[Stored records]

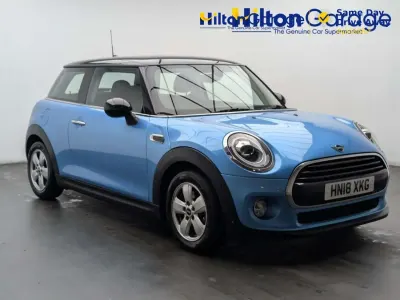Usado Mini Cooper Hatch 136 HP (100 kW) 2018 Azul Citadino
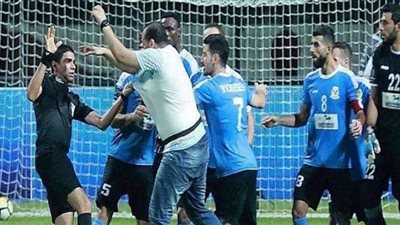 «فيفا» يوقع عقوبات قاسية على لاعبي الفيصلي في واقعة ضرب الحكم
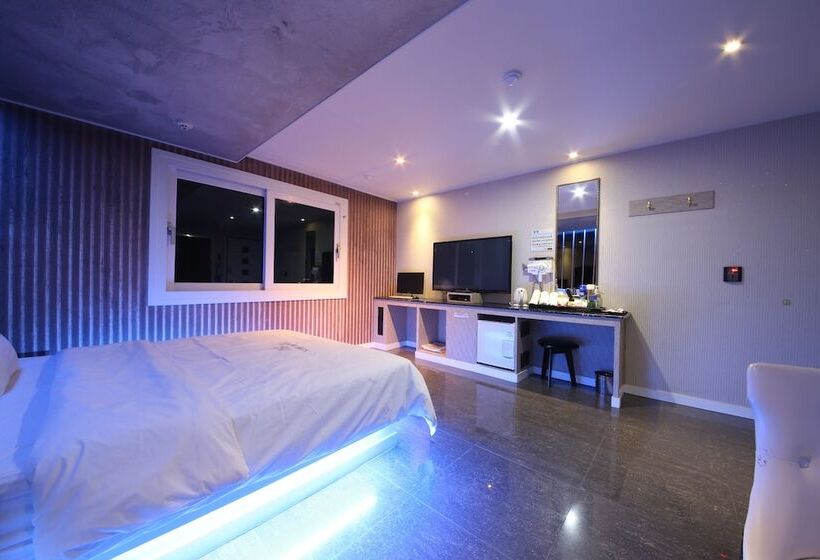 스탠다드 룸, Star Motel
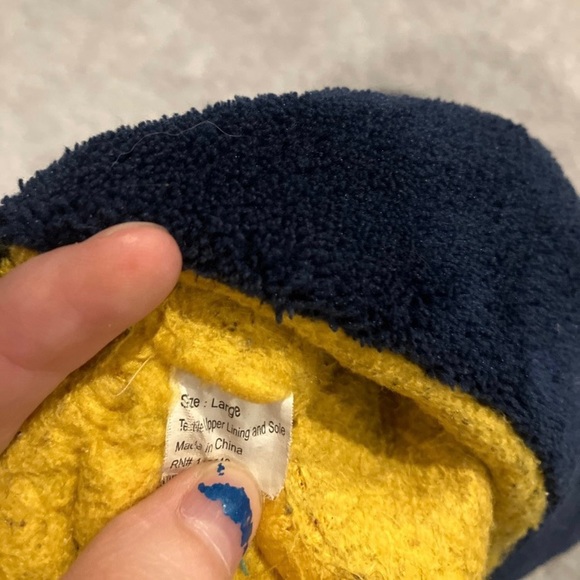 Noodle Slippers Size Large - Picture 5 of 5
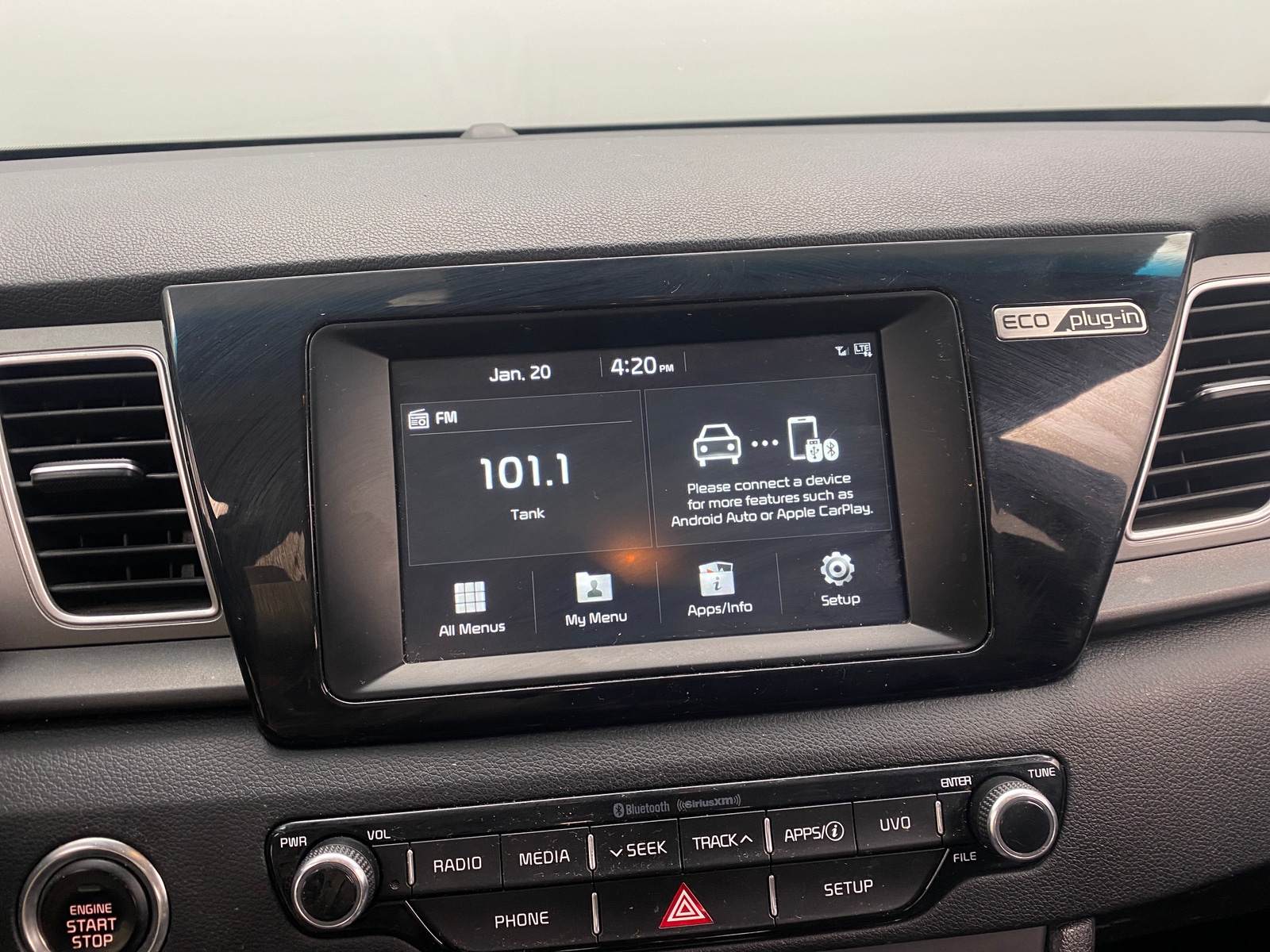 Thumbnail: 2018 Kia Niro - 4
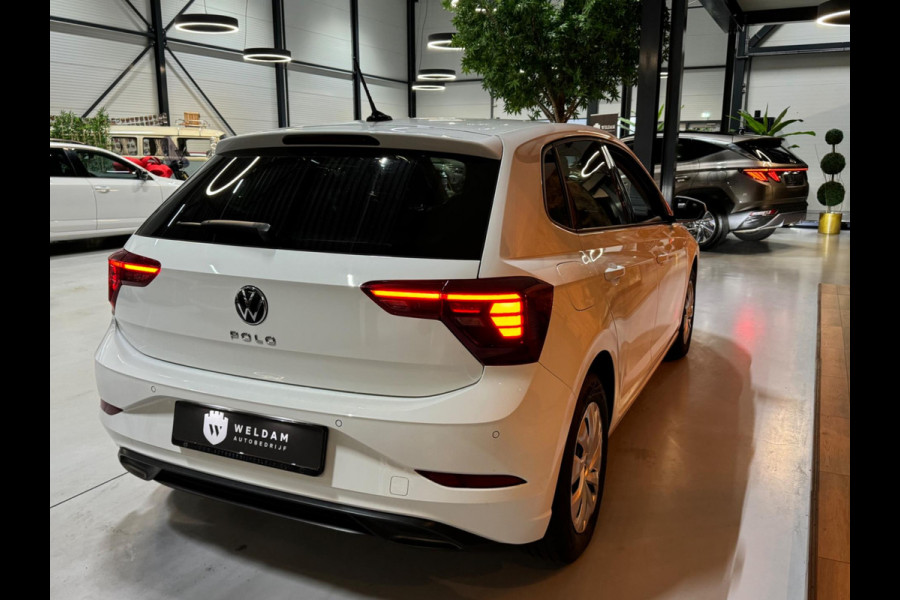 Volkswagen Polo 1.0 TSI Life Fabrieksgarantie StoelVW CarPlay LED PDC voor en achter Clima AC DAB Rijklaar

→ **TASK TO COMPLETE**
Give again exactly the lines from the one holding "واقعة ضرب الحكم" to the final line of the records, both ends included; any pictures stay out.

→ **TASK SOLUTION**
 «فيفا» يوقع عقوبات قاسية على لاعبي الفيصلي في واقعة ضرب الحكم
 스탠다드 룸, Star Motel
 Noodle Slippers Size Large - Picture 5 of 5
 Thumbnail: 2018 Kia Niro - 4
 Volkswagen Polo 1.0 TSI Life Fabrieksgarantie StoelVW CarPlay LED PDC voor en achter Clima AC DAB Rijklaar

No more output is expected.